═════ Data provided ═════

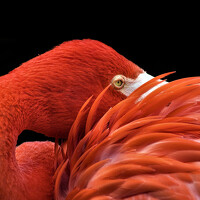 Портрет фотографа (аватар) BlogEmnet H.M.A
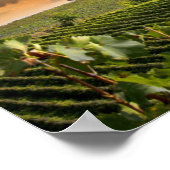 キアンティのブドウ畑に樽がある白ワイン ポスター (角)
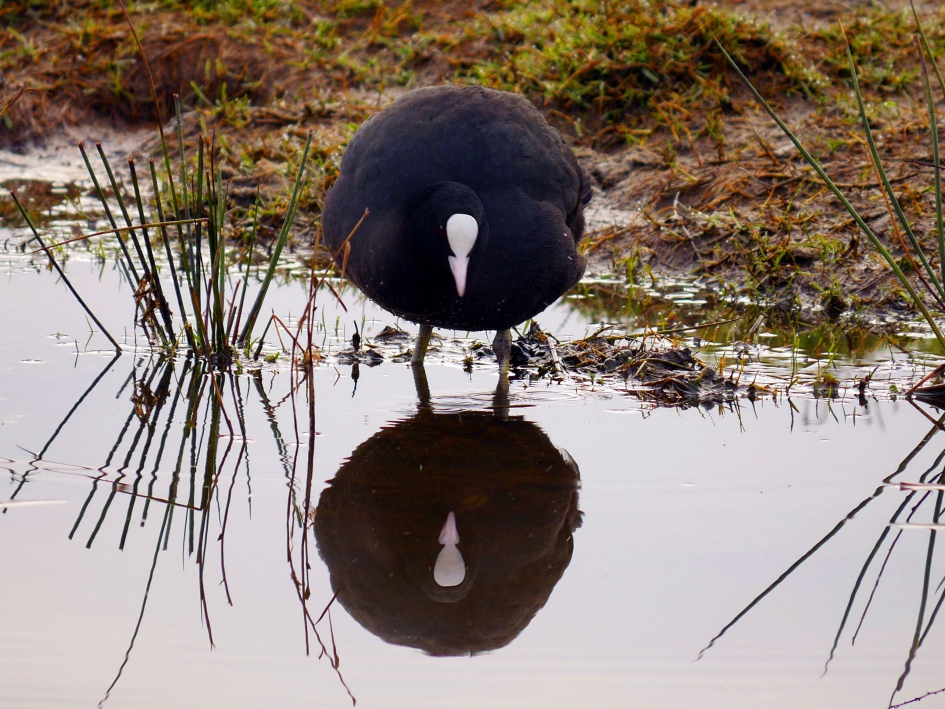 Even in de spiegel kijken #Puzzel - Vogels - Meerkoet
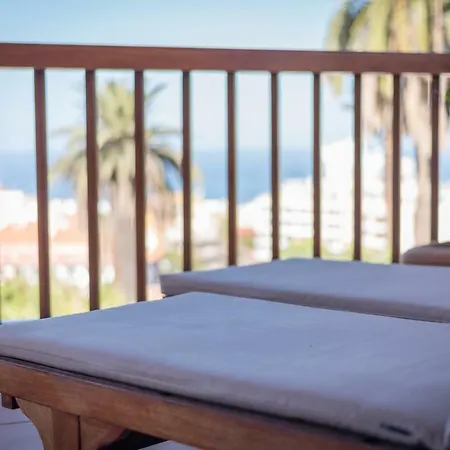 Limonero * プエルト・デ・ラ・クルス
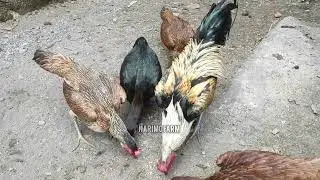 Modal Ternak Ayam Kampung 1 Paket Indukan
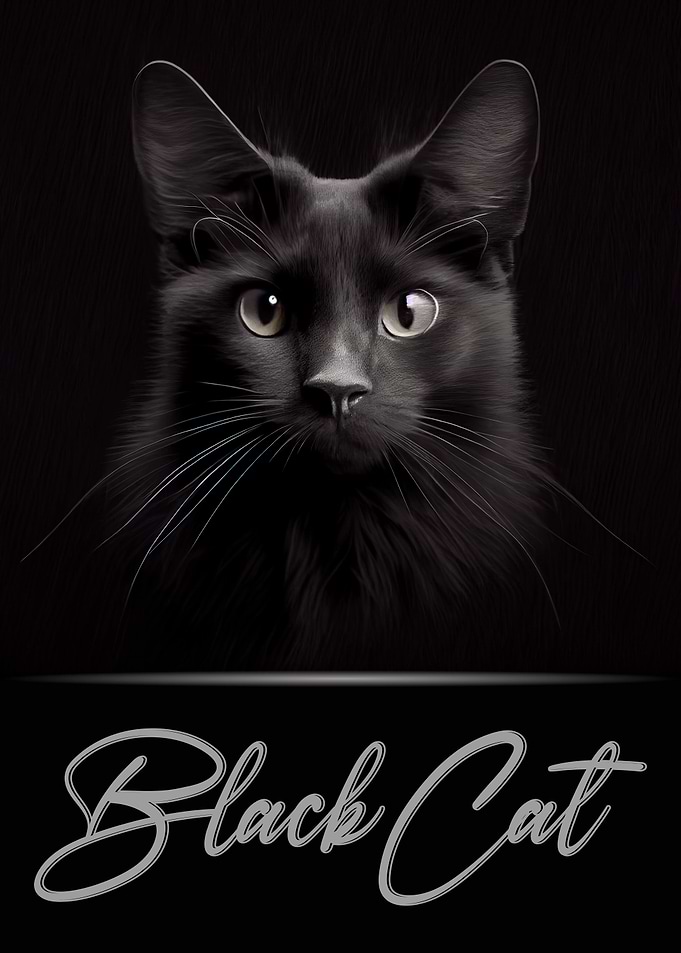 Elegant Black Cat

═════
═════ Data provided ═════

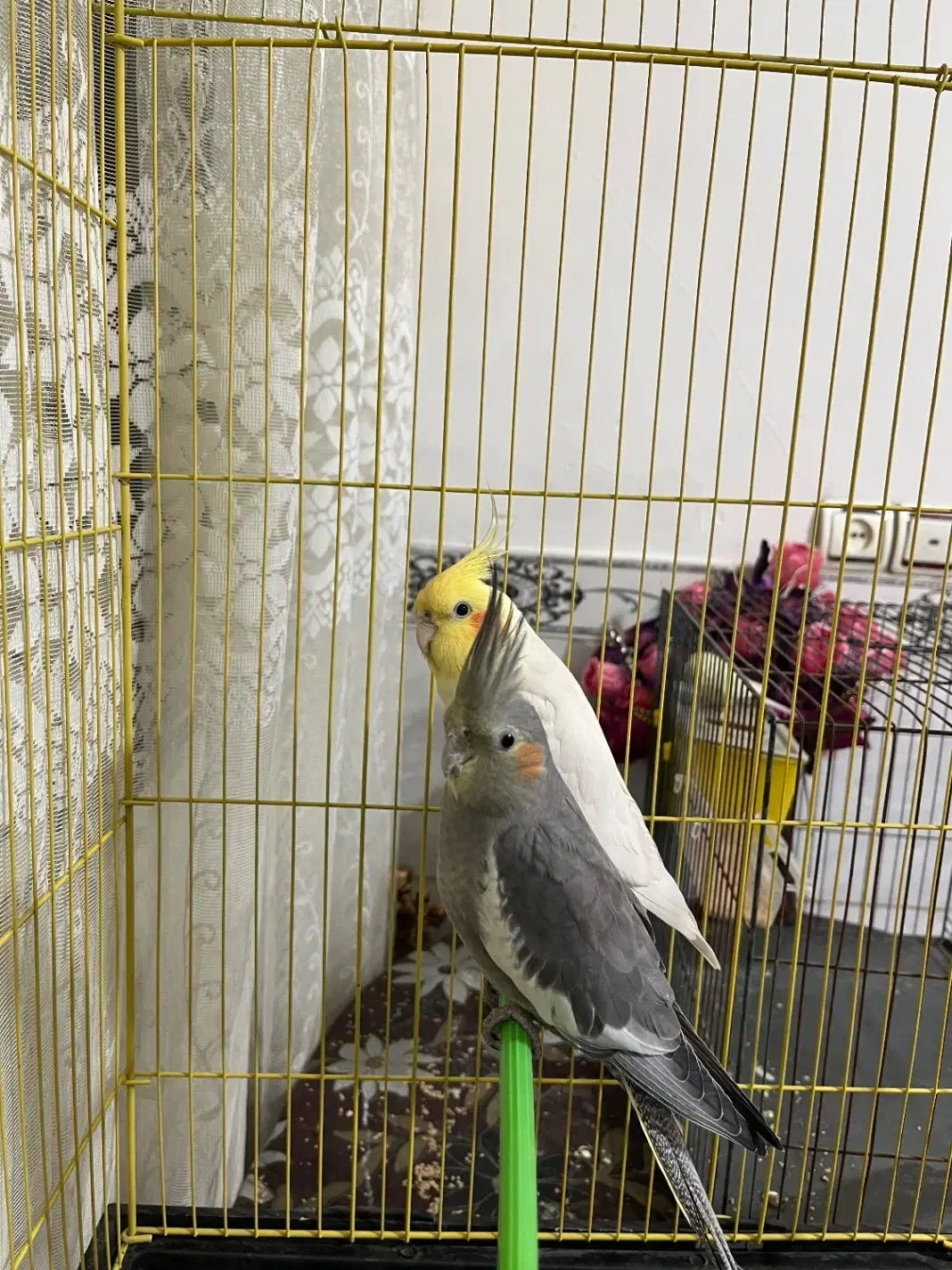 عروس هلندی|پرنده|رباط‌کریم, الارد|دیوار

═════

§ **Task details**
Could you transcribe exactly the entries above, but only the lines from the one with "Modal Ternak Ayam Kampung 1 Paket Indukan" through the one with "Elegant Black Cat", and without pictures?

§ **Reply**
 Modal Ternak Ayam Kampung 1 Paket Indukan
 Elegant Black Cat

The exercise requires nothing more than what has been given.